(Stored data entries)
********

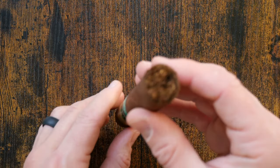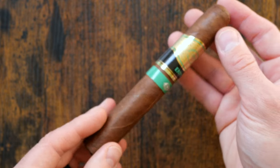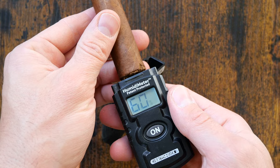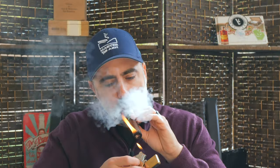There's a little bit of flintiness, probably from that Ometepe — they have that mineral flinty pepper, or that mineral flinty kind of permanent marker note. Off the initial light, there's a ton of black pepper coming in through the retrohale and on the palate, along with a mixture of black coffee, leather, a little bit of cedar, and a touch of oak.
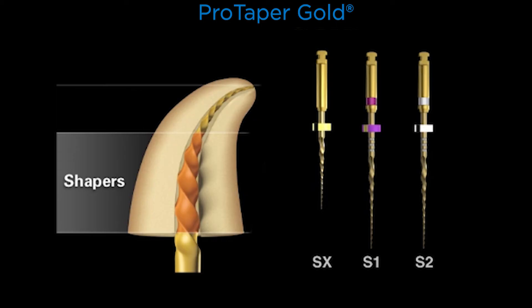Looking at SX in terms of D6 through D9, at D9 it measures 1.1 millimeters in cross-section. Importantly, S1 and S2 are about 1.1 millimeters at D16. So in shorter anatomical roots where S1 and S2 achieve length, the most important shaping blades are up in the access cavity and can't get below the orifice. In that instance, you would use SX because it has compressed geometries — it is as big as S1 and S2 at only D9. That's a critical distinction in the family of shaping files.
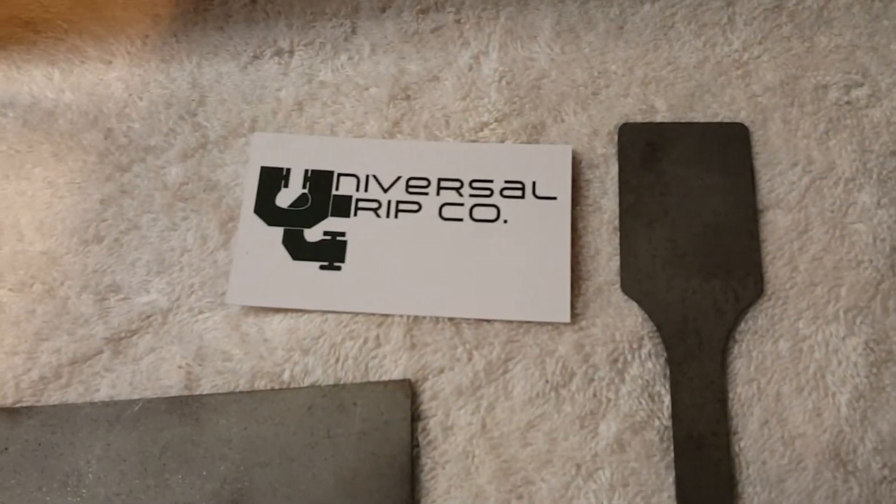If you have any questions you can visit us at UniversalGripCo.com. Thanks for watching.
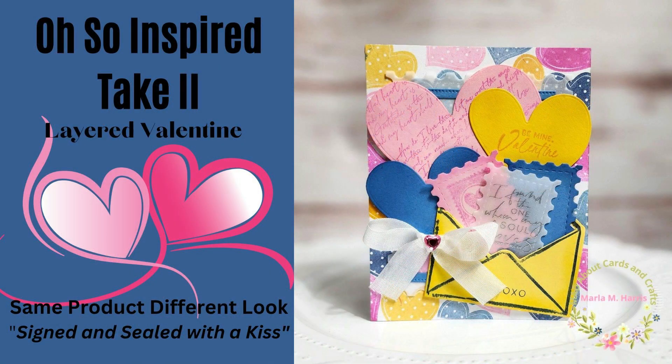Hi and welcome to my channel. This is Marla and today I'm bringing you a part two of my Oh So Inspired card. Last week I created a project using the Signed and Sealed with a Kiss stamp set from The Greetery and I wanted to share a second project using this same stamp set since it was one that had been sitting in my stash for a couple of years.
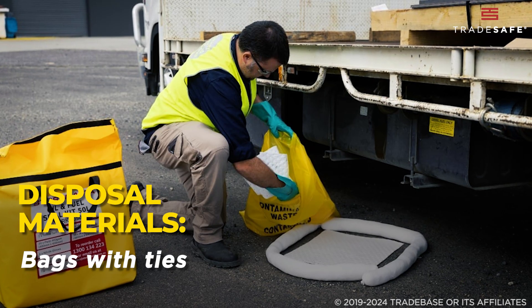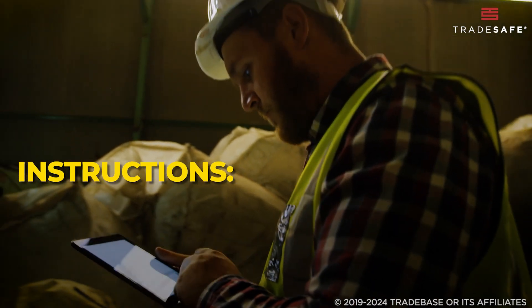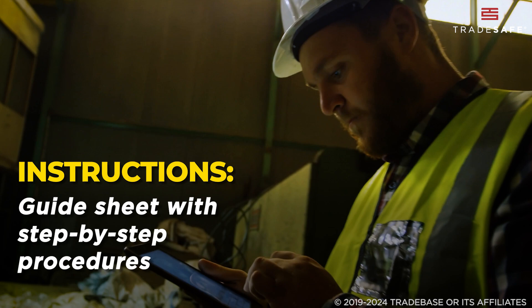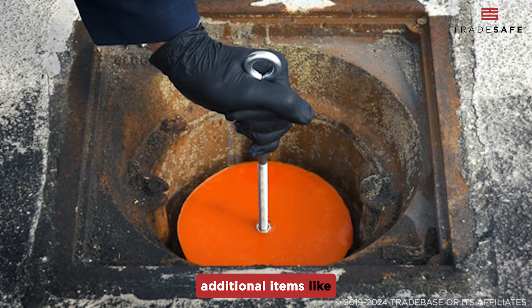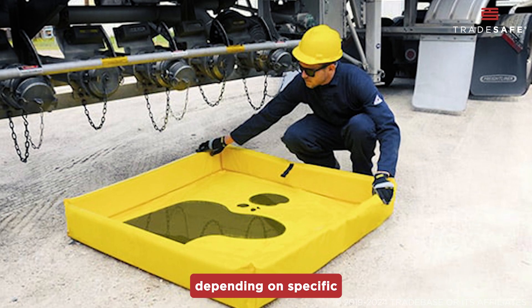Disposal materials like bags with ties for safe disposal of used absorbents. Lastly, an instructions or guide sheet with step-by-step procedures on how to use the kit and its components. Some kits may include additional items like drain covers, floor plugs, or berms depending on specific workplace needs.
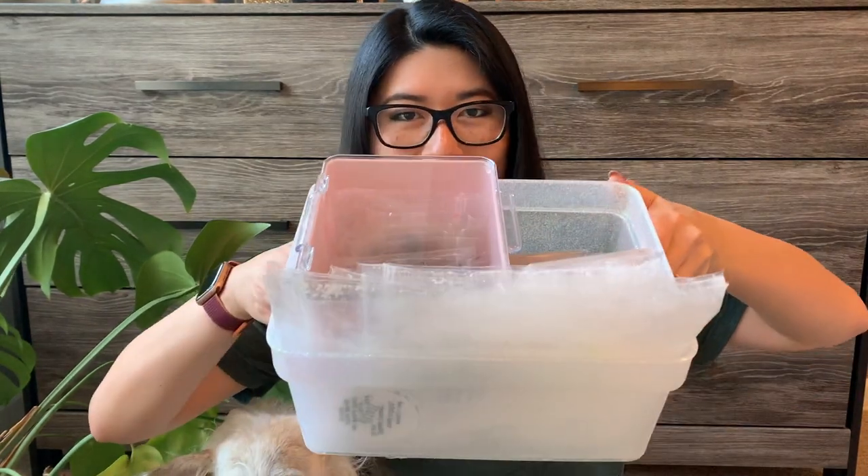Hi everyone! So I'm back. I wanted to do a wax melt empties video today. We're in a little bit of a different spot — we're in my bedroom, and this Monstera plant is temporarily here because its regular home is in our living room where we put our Christmas tree up. So it looks like I'm in a little jungle. I decided I was going to do a wax melt empties slash what I am carrying over of my Christmas stash in one video.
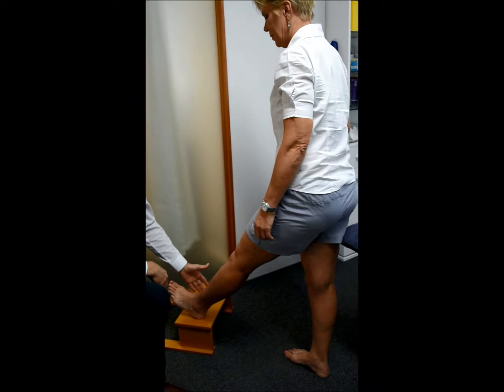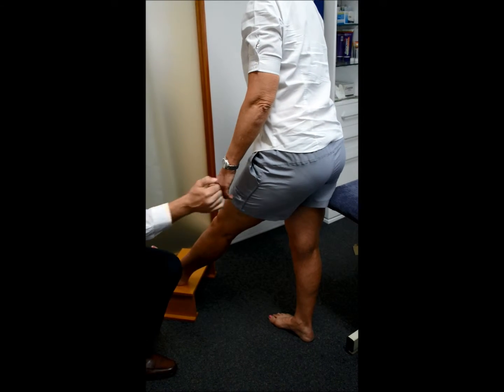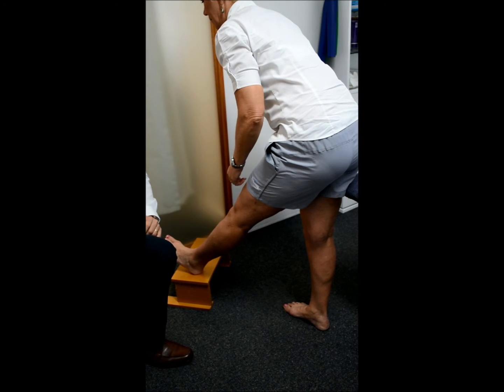So I've got Kerry with her foot up on a small stool. I'm going to get her to lean forwards from her hip, sticking her bottom out the back, back straight, till she feels a stretch down her hamstring, and hold for 20-30 seconds.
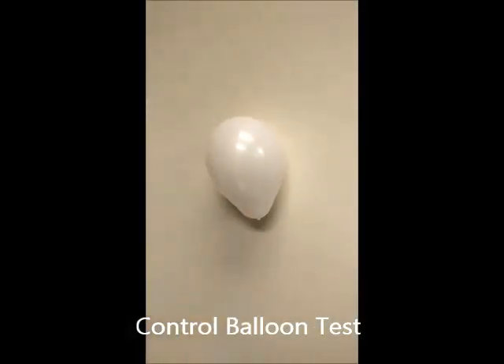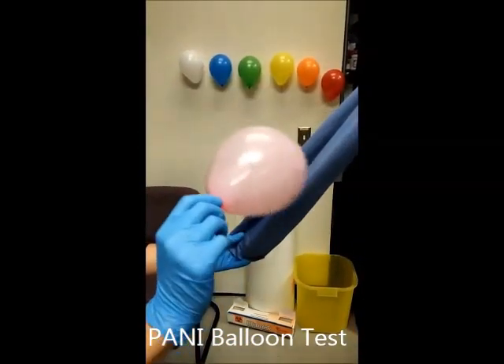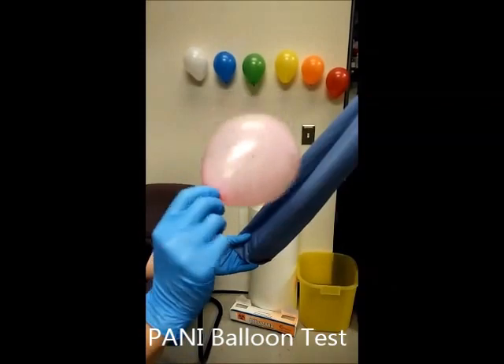This is the control of the water. This is the highly concentrated polyaniline solution.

********

### What to produce
Write out the records word for word. Pictures stay out.

### Final answer
There's a little bit of flintiness, probably from that Ometepe — they have that mineral flinty pepper, or that mineral flinty kind of permanent marker note. Off the initial light, there's a ton of black pepper coming in through the retrohale and on the palate, along with a mixture of black coffee, leather, a little bit of cedar, and a touch of oak.
Looking at SX in terms of D6 through D9, at D9 it measures 1.1 millimeters in cross-section. Importantly, S1 and S2 are about 1.1 millimeters at D16. So in shorter anatomical roots where S1 and S2 achieve length, the most important shaping blades are up in the access cavity and can't get below the orifice. In that instance, you would use SX because it has compressed geometries — it is as big as S1 and S2 at only D9. That's a critical distinction in the family of shaping files.
If you have any questions you can visit us at UniversalGripCo.com. Thanks for watching.
Hi and welcome to my channel. This is Marla and today I'm bringing you a part two of my Oh So Inspired card. Last week I created a project using the Signed and Sealed with a Kiss stamp set from The Greetery and I wanted to share a second project using this same stamp set since it was one that had been sitting in my stash for a couple of years.
Disposal materials like bags with ties for safe disposal of used absorbents. Lastly, an instructions or guide sheet with step-by-step procedures on how to use the kit and its components. Some kits may include additional items like drain covers, floor plugs, or berms depending on specific workplace needs.
Hi everyone! So I'm back. I wanted to do a wax melt empties video today. We're in a little bit of a different spot — we're in my bedroom, and this Monstera plant is temporarily here because its regular home is in our living room where we put our Christmas tree up. So it looks like I'm in a little jungle. I decided I was going to do a wax melt empties slash what I am carrying over of my Christmas stash in one video.
So I've got Kerry with her foot up on a small stool. I'm going to get her to lean forwards from her hip, sticking her bottom out the back, back straight, till she feels a stretch down her hamstring, and hold for 20-30 seconds.
This is the control of the water. This is the highly concentrated polyaniline solution.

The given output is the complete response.